**What to work on**
Only one stretch of the records below is wanted: the lines from the one holding "Відповіді Біологія 8 клас Соболь. ГДЗ" through the one holding "Red-whiskered Bulbul - ML154882341". Return it exactly, both ends included.

Input data Start Marker

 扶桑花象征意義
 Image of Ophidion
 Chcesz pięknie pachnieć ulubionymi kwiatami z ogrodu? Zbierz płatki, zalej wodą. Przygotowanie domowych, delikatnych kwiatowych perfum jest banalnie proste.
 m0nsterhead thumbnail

Input data End Marker
Input data Start Marker

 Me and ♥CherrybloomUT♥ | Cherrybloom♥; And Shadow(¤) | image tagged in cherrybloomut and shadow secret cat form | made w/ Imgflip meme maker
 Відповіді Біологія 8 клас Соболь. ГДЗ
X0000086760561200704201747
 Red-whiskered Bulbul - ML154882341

Input data End Marker

**Final answer**
 Відповіді Біологія 8 клас Соболь. ГДЗ
X0000086760561200704201747
 Red-whiskered Bulbul - ML154882341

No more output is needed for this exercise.